WORK TO COMPLETE: In the entries below, begin at the line that has "2.5mm gem cut rubies" and stop after the line that has "Włóczka YarnArt Baby"; output those lines exactly, leaving out pictures.

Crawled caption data
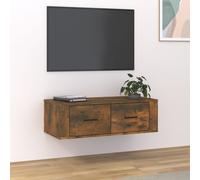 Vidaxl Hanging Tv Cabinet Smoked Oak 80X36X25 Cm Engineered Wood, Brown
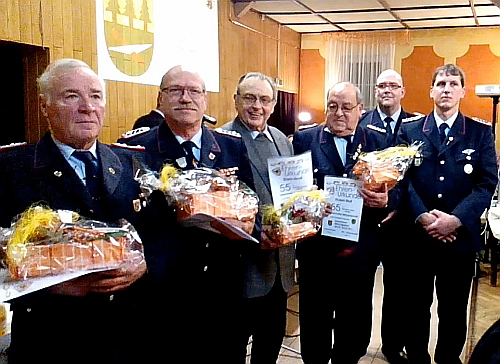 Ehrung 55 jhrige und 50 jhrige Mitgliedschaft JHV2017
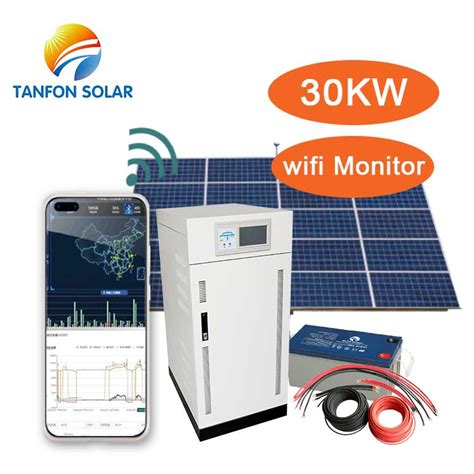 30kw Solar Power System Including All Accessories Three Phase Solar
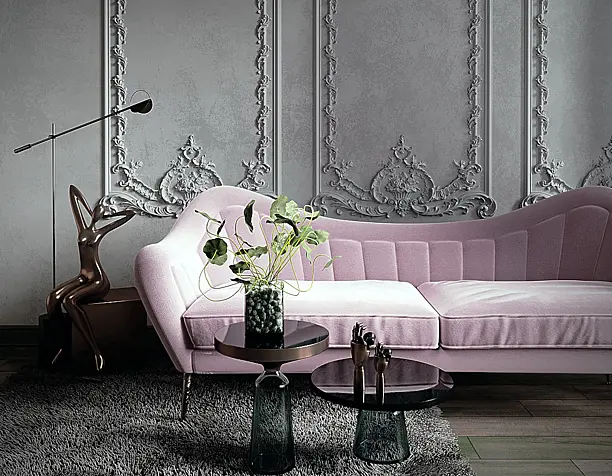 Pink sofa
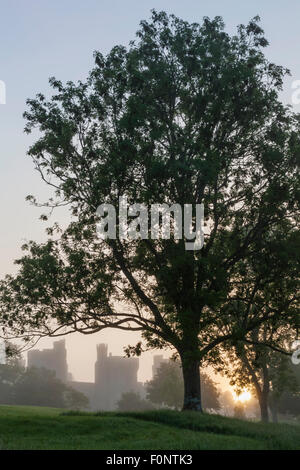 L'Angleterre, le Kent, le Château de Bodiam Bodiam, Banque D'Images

--

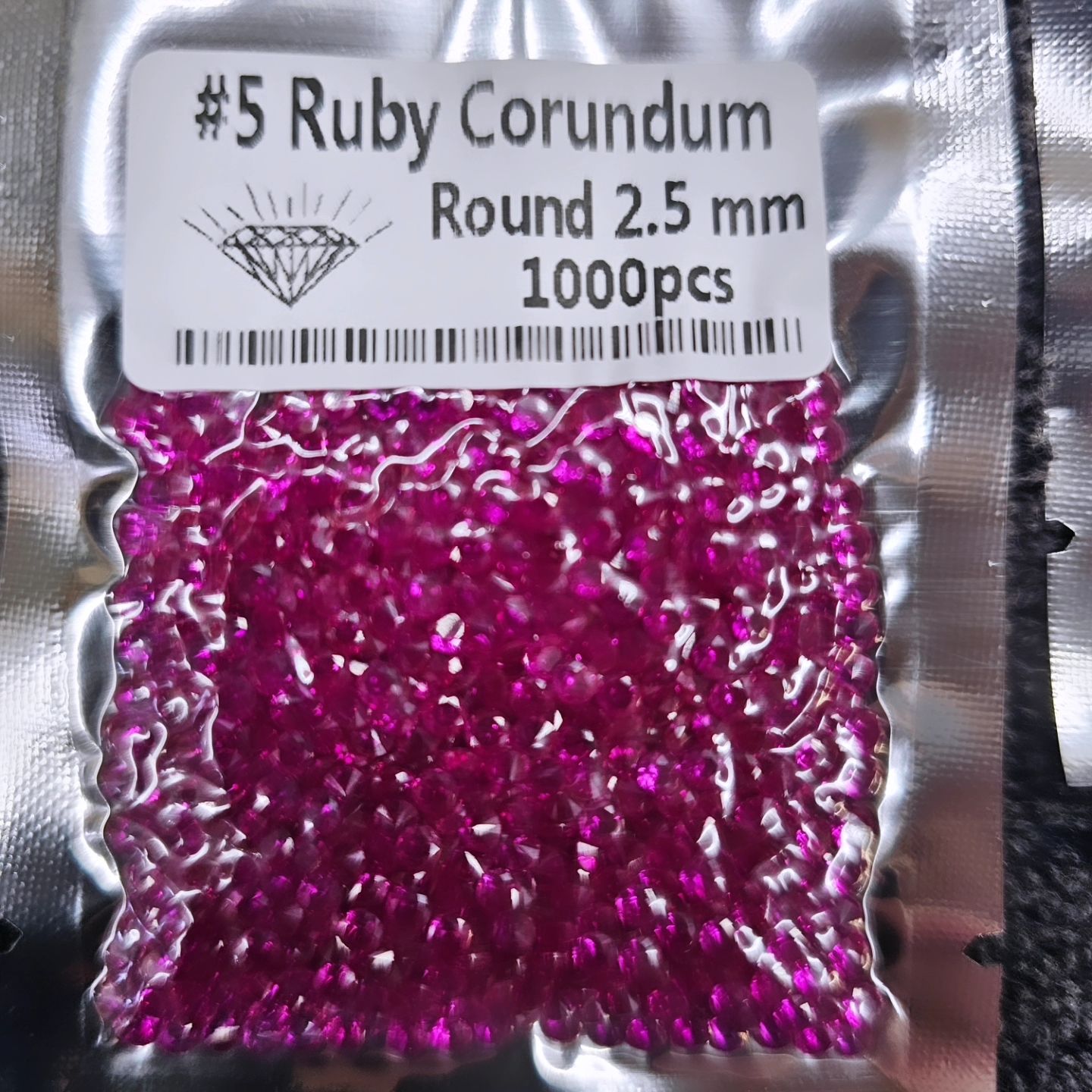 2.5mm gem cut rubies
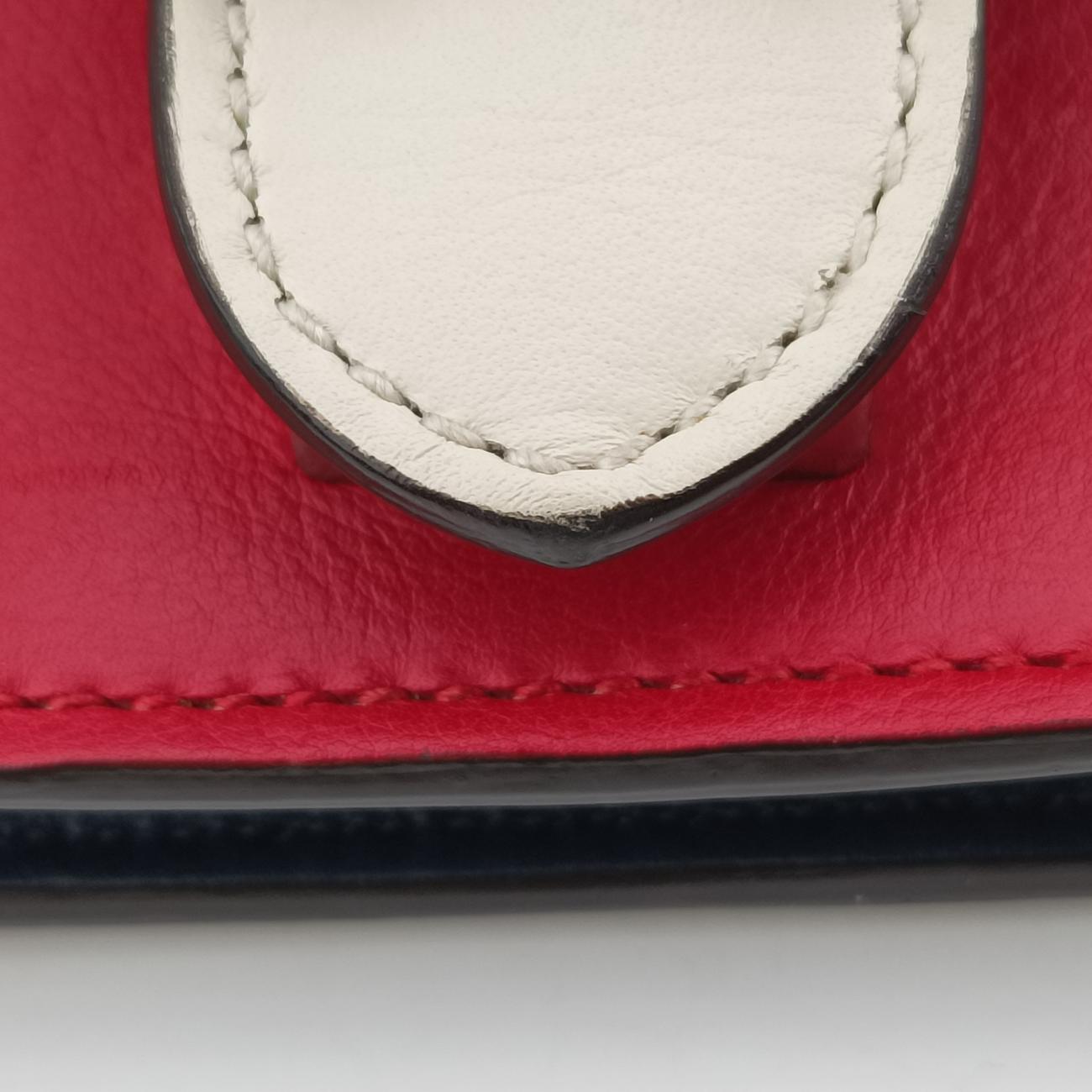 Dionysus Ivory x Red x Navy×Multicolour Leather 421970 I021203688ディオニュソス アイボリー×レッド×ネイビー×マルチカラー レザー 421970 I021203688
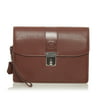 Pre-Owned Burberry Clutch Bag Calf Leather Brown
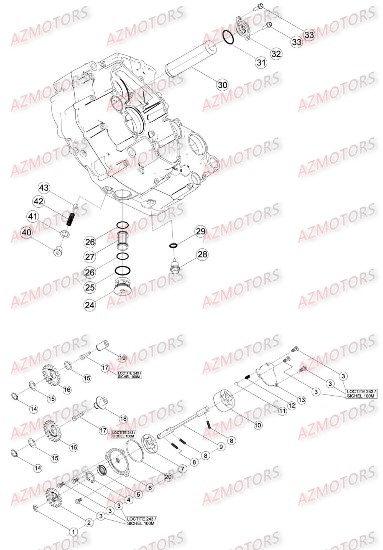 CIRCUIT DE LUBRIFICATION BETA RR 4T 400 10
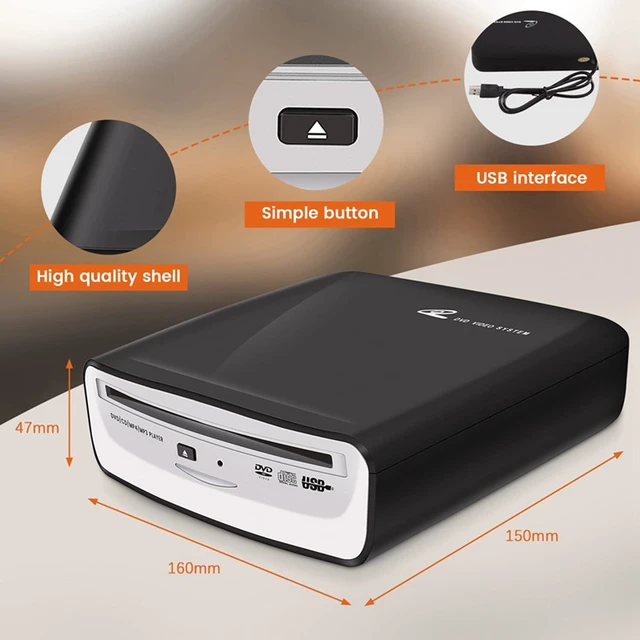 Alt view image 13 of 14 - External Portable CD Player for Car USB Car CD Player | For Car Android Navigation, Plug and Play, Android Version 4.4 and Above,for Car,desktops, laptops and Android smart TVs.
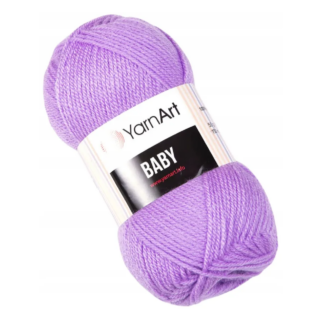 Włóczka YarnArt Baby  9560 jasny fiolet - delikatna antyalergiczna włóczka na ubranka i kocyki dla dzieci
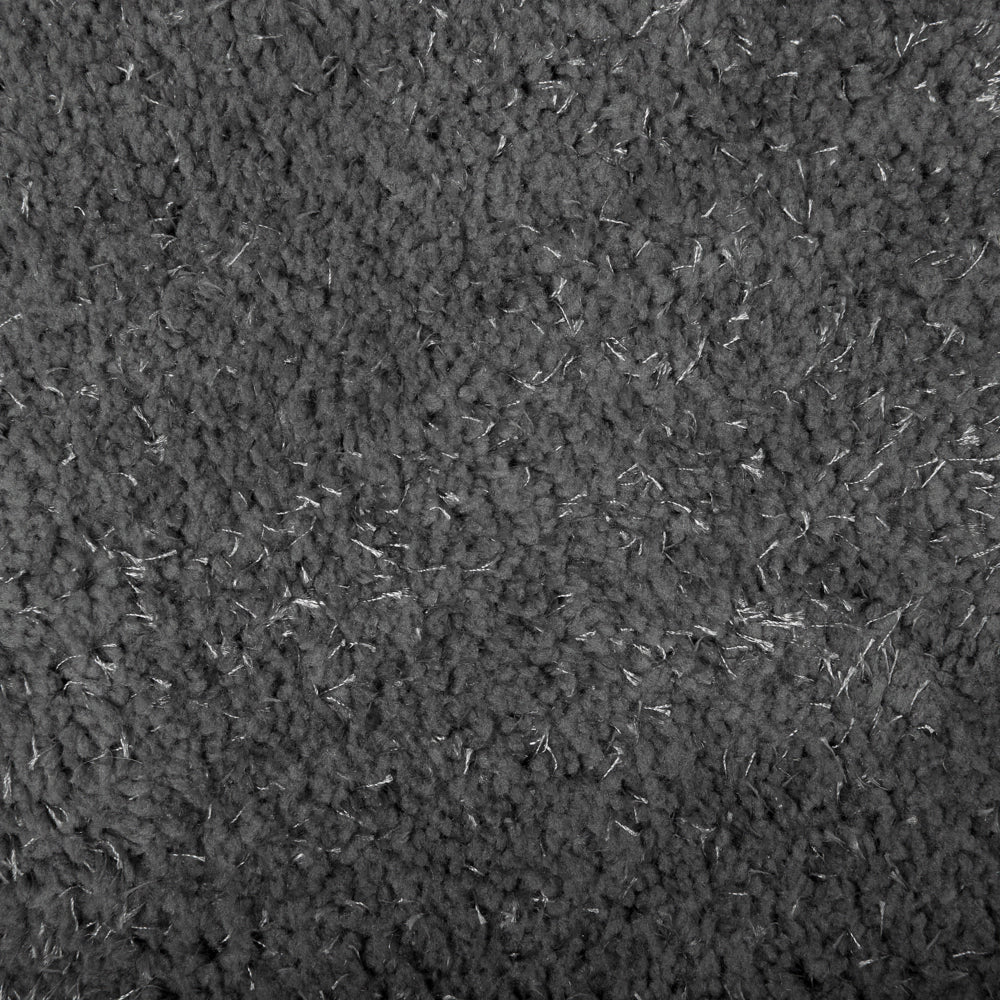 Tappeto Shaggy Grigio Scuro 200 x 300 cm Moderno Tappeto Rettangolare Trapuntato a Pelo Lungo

FINISHED TASK:
 2.5mm gem cut rubies
 Dionysus Ivory x Red x Navy×Multicolour Leather 421970 I021203688ディオニュソス アイボリー×レッド×ネイビー×マルチカラー レザー 421970 I021203688
 Pre-Owned Burberry Clutch Bag Calf Leather Brown
 CIRCUIT DE LUBRIFICATION BETA RR 4T 400 10
 Alt view image 13 of 14 - External Portable CD Player for Car USB Car CD Player | For Car Android Navigation, Plug and Play, Android Version 4.4 and Above,for Car,desktops, laptops and Android smart TVs.
 Włóczka YarnArt Baby  9560 jasny fiolet - delikatna antyalergiczna włóczka na ubranka i kocyki dla dzieci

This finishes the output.